Problem requirements
Copy out, exactly as given, every line from the line with "JLG H340AJ 4WD" to the end of the listing, both of those lines included.

=== Begin Enclosure ===

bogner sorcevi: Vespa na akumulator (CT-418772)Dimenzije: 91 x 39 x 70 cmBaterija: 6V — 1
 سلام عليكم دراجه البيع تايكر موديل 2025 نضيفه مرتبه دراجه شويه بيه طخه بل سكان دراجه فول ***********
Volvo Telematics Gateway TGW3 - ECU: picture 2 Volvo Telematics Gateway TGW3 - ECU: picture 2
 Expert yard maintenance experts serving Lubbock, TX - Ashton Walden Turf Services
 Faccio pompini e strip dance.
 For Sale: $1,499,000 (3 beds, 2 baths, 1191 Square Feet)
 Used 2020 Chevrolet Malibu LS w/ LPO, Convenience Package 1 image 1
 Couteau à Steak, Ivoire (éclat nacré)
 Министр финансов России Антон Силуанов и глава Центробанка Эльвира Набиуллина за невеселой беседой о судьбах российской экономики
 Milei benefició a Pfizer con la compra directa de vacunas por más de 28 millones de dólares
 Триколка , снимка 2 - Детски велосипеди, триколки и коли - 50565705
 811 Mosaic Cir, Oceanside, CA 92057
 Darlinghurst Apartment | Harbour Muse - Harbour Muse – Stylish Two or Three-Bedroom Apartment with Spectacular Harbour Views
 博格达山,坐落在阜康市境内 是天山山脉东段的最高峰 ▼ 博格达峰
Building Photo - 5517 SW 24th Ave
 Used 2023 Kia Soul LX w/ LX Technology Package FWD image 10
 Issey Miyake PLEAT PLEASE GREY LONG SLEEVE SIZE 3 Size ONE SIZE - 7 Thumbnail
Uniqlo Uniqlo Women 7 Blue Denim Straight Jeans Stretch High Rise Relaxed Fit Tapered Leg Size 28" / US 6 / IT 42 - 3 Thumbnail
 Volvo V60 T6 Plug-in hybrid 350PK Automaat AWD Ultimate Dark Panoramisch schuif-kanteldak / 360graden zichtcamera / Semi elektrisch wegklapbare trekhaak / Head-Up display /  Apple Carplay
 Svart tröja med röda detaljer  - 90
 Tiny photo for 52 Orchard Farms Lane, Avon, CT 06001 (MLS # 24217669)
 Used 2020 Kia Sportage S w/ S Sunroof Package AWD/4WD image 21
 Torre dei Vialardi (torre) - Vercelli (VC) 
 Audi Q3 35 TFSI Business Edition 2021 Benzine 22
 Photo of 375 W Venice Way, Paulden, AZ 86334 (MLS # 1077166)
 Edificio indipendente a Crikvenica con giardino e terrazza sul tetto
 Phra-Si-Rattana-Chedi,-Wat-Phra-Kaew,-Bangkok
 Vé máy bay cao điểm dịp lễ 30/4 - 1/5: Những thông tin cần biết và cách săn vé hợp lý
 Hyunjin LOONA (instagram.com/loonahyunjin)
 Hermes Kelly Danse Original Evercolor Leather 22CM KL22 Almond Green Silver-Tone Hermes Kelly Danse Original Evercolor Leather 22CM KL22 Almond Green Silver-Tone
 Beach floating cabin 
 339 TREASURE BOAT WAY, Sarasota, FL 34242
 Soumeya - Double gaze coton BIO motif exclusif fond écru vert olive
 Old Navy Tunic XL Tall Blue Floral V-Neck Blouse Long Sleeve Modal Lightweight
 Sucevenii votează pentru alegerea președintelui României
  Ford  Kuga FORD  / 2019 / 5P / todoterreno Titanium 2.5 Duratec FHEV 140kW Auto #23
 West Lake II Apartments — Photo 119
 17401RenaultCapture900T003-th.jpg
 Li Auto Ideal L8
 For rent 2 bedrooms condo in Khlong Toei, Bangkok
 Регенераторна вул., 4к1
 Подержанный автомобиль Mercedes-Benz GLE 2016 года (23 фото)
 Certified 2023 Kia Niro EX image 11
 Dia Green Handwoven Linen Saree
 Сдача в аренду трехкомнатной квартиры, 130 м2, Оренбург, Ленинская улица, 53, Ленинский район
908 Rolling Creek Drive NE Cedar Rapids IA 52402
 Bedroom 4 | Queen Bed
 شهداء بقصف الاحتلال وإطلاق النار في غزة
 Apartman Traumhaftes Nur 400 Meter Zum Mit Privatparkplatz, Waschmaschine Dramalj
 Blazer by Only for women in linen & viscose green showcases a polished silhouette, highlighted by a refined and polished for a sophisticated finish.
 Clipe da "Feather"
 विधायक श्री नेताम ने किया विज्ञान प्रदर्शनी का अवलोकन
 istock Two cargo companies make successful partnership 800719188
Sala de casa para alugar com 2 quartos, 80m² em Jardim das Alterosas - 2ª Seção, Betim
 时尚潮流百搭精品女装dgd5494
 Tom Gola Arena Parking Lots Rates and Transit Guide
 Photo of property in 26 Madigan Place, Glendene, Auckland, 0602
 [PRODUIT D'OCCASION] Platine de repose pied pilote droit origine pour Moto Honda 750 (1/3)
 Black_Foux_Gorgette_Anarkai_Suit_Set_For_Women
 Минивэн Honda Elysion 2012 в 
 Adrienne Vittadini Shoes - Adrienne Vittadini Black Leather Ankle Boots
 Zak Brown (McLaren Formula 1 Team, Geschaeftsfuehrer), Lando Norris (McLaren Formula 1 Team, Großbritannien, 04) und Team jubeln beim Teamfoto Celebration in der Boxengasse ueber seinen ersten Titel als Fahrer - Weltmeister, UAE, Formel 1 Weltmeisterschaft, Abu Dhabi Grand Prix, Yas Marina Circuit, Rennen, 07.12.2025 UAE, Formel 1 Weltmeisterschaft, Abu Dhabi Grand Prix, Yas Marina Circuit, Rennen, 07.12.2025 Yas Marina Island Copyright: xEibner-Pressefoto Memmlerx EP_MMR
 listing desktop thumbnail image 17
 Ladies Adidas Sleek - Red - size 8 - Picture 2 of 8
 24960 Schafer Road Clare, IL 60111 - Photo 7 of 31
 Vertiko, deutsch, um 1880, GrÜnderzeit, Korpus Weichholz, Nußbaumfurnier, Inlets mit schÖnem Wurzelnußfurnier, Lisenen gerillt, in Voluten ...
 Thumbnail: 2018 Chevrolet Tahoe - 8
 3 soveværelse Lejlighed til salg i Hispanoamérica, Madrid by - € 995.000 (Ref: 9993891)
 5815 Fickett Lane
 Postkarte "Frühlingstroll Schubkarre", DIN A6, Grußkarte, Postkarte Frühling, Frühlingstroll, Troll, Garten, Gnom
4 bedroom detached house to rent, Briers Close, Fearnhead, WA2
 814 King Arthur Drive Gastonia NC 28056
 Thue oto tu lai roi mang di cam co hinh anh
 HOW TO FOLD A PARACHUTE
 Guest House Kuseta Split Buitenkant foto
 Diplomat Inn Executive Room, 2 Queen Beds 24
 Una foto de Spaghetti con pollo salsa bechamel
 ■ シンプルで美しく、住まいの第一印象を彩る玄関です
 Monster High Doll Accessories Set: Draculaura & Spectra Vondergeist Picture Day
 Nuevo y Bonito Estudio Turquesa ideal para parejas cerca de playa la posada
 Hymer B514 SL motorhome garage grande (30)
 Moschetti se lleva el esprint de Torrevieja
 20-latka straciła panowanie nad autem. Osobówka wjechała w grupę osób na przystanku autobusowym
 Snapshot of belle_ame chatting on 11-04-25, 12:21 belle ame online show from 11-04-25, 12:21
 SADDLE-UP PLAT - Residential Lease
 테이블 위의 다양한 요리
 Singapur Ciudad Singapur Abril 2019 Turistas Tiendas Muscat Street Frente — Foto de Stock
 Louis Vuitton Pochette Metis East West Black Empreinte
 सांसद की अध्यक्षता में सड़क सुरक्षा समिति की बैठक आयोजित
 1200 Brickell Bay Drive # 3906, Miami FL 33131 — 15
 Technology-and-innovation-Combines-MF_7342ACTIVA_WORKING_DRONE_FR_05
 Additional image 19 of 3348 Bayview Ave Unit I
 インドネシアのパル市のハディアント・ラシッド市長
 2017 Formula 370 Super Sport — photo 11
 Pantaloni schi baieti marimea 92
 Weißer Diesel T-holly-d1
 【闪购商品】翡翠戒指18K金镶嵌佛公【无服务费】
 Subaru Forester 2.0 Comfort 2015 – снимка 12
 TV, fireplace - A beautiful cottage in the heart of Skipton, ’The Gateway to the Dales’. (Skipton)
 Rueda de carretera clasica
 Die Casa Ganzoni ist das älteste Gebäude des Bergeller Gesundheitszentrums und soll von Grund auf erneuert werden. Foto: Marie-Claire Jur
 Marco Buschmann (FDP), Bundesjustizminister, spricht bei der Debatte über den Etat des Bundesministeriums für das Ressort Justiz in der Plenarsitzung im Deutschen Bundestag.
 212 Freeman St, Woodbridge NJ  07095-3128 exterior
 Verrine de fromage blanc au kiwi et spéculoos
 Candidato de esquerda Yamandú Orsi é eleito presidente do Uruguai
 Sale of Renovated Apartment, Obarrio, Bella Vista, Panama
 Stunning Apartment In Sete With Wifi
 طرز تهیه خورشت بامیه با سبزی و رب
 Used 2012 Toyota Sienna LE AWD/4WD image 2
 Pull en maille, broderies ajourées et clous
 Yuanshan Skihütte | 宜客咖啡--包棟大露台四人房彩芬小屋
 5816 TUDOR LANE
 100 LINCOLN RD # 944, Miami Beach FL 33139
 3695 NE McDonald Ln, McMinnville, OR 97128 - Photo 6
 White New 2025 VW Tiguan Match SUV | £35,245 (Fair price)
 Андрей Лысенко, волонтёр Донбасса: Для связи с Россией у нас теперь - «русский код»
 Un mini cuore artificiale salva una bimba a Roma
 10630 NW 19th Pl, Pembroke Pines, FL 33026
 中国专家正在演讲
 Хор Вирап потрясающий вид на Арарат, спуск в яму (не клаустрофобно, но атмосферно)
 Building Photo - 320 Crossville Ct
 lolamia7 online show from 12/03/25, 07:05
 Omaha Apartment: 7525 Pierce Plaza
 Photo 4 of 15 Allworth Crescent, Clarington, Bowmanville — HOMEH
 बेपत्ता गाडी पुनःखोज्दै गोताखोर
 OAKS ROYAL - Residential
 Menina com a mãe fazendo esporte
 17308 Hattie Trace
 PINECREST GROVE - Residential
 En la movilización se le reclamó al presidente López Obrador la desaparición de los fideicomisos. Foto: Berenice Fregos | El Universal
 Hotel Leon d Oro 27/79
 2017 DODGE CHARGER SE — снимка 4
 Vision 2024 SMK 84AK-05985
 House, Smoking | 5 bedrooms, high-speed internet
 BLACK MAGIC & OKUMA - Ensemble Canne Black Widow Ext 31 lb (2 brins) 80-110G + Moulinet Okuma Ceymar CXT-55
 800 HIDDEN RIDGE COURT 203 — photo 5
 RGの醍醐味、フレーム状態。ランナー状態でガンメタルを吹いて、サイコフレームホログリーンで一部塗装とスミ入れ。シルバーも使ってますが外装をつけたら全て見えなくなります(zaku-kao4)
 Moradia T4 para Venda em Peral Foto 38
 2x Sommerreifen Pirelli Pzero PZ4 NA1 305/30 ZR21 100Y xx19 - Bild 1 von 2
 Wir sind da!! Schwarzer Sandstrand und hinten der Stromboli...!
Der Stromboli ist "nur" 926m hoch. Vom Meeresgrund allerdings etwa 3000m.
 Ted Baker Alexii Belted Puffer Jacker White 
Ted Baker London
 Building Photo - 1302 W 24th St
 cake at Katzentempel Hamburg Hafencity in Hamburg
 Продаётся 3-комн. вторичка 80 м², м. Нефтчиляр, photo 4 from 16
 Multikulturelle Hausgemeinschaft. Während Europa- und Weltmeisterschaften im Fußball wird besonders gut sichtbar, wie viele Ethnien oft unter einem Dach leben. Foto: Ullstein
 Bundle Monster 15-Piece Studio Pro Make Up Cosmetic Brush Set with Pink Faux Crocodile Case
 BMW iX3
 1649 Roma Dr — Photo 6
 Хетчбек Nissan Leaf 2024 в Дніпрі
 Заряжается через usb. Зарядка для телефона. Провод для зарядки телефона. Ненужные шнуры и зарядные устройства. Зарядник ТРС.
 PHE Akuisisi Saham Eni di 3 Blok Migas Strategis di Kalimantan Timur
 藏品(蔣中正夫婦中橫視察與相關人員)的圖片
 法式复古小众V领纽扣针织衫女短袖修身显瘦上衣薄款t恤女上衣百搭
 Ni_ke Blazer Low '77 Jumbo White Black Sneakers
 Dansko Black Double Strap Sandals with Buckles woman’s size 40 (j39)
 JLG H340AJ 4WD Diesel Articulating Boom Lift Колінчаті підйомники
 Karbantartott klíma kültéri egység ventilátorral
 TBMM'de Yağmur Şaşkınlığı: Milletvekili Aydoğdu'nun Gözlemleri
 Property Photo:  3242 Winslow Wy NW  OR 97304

=== End Enclosure ===

Output of the exercise
 JLG H340AJ 4WD Diesel Articulating Boom Lift Колінчаті підйомники
 Karbantartott klíma kültéri egység ventilátorral
 TBMM'de Yağmur Şaşkınlığı: Milletvekili Aydoğdu'nun Gözlemleri
 Property Photo:  3242 Winslow Wy NW  OR 97304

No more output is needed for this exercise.